Setiap kader yang mau berkompetisi sebagai calon ketua umum dipersilakan maju dan bertarung secara bebas, sepanjang memenuhi syarat minimum legalitas-formal seperti memiliki kartu anggota Golkar, pernah menjadi pengurus di kepengurusan pusat dan atau daerah, serta bukti sahih administratif kepesertaan Munaslub.
Jika misalnya jumlah kandidat lebih dari tiga orang, maka dapat ditempuh pemilihan dua putaran jika belum mencapai minimal dukungan suara 30 persen. Tetapi, apabila jumlah kandidat sebanyak-banyaknya tiga orang, maka yang berhasil mencapai batas dukungan minimal 50,1 persen, langsung dinyatakan sebagai ketua umum terpilih.
Ketiga, calon-calon ketua umum yang sudah mendeklarasikan dirinya untuk maju bertarung di Munaslub harus pula mendeklarasikan kepada publik bahwa dirinya tidak akan bermain politik uang.
Hal ini mutlak dilakukan sebagai pertanggungjawaban kepada publik bahwa Partai Golkar mampu melahirkan kader-kader bangsa yang berwibawa dalam konteks kepemimpinan negara. Melawan politik uang, kendati tiga langkah terobosan politik tersebut di atas terkesan revolusioner, namun hal itulah yang justru mampu mencegah virus atau penyakit politik uang yang sudah mendarah-daging di tubuh partai.
Calon-calon ketua umum Golkar jangan menghalalkan segala cara atau menggunakan berbagai intrik dan cara kotor, misalnya melakukan gerilya politik ke daerah-daerah dengan modus membeli suara menggunakan politik uang.
Dalam kerangka pertanggungjawaban kepada rakyat mengenai upaya sadar menumbuhkan budaya politik bersih, maka Panitia Munaslub Golkar diharapkan mengundang Komisi Pemberantasan Korupsi (KPK) untuk mengawasi jalannya Munaslub dari kemungkinan praktek politik uang.

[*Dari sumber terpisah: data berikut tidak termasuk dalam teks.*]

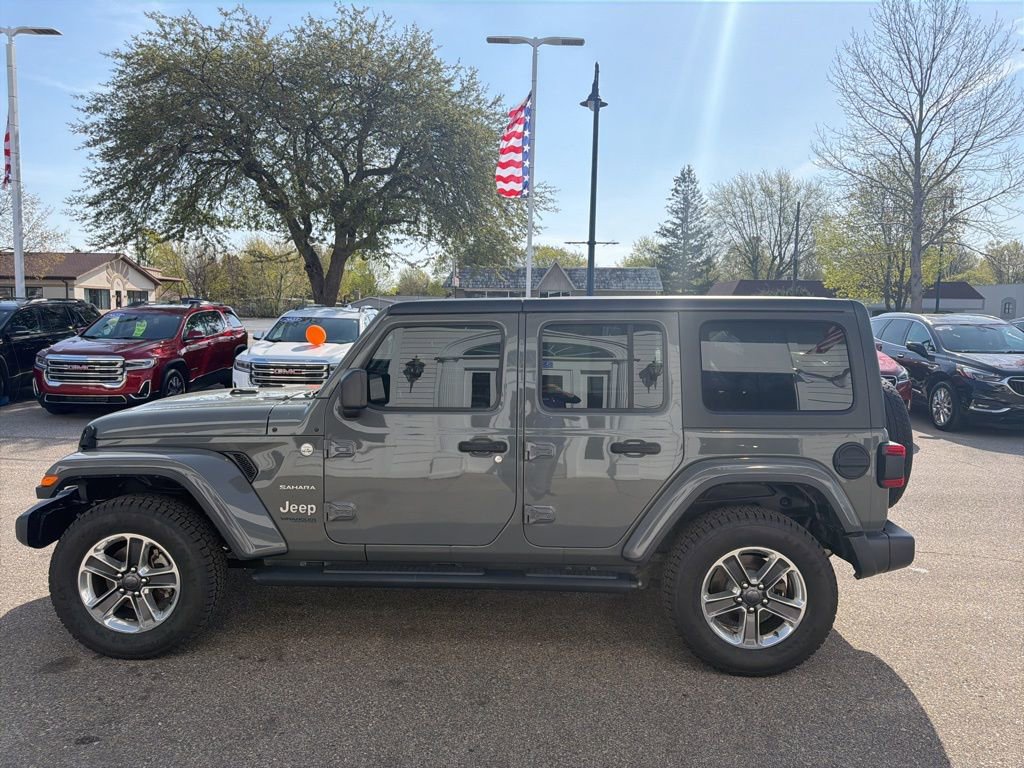Used 2020 Jeep Wrangler Unlimited Sahara w/ Dual Top Group AWD/4WD image 8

Mengingat adanya kemungkinan abuse of power oleh kader-kader Golkar yang juga sedang mengemban pejabat negara, baik di tingkat pusat maupun di daerah (provinsi dan kabupaten/ kota).

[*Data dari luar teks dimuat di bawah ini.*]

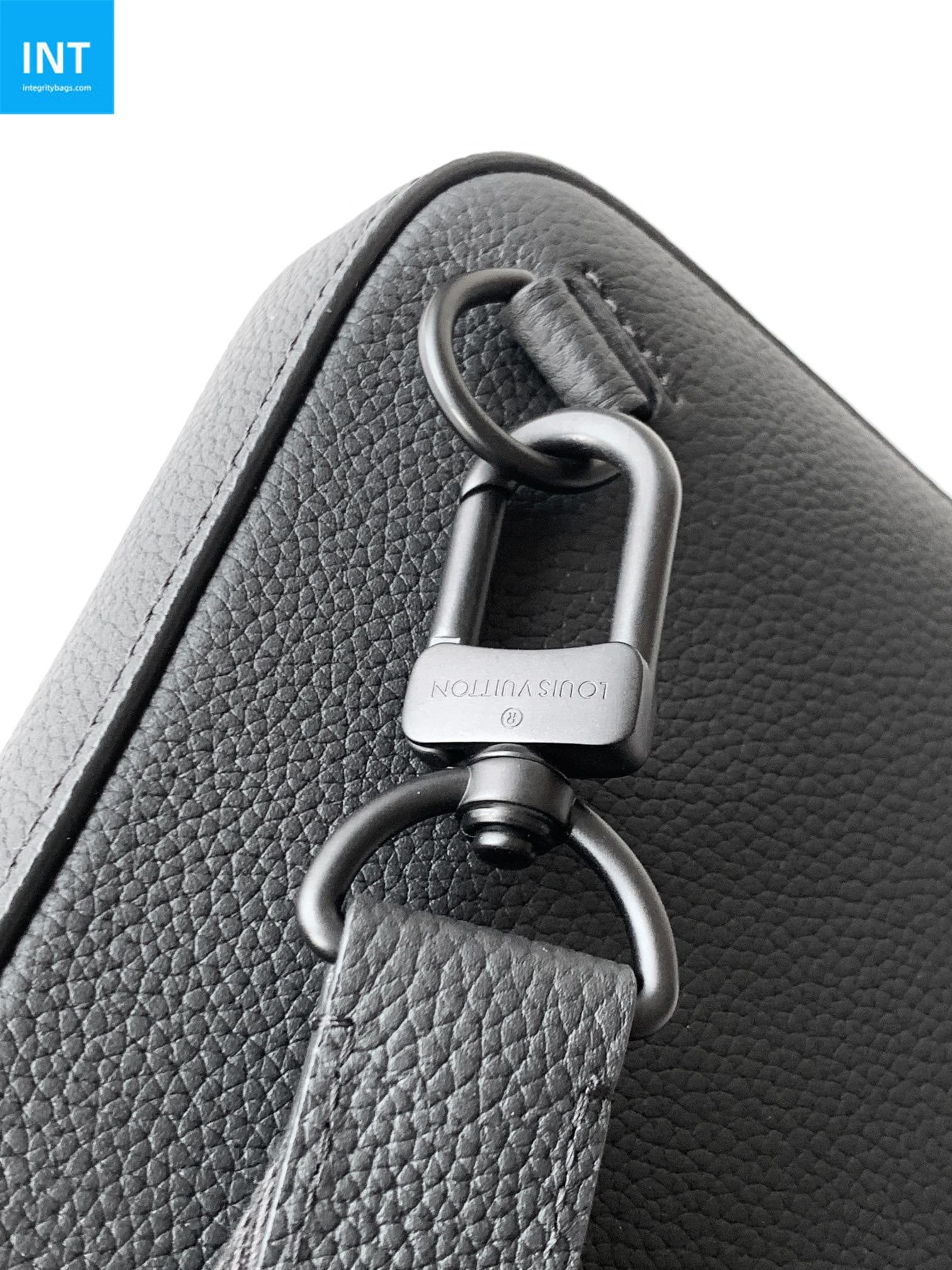 L0vis Vvtt0n M15255 Avenue Slingbag PM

Bagi kasder-kader Golkar di daerah, khususnya di Provinsi NTT, sebisa mungkin kita harus berani melawan praktek politik uang. Jika hari-hari ini ada calon-calon ketua umum yang turun ke NTT dan membagi-bagi uang kepada DPD-DPD, maka terima saja uangnya dan tidak perlu memilih calon tersebut. Ada ungkapan untuk kategori uang model ini yakni "uang setan yang dimakan jin".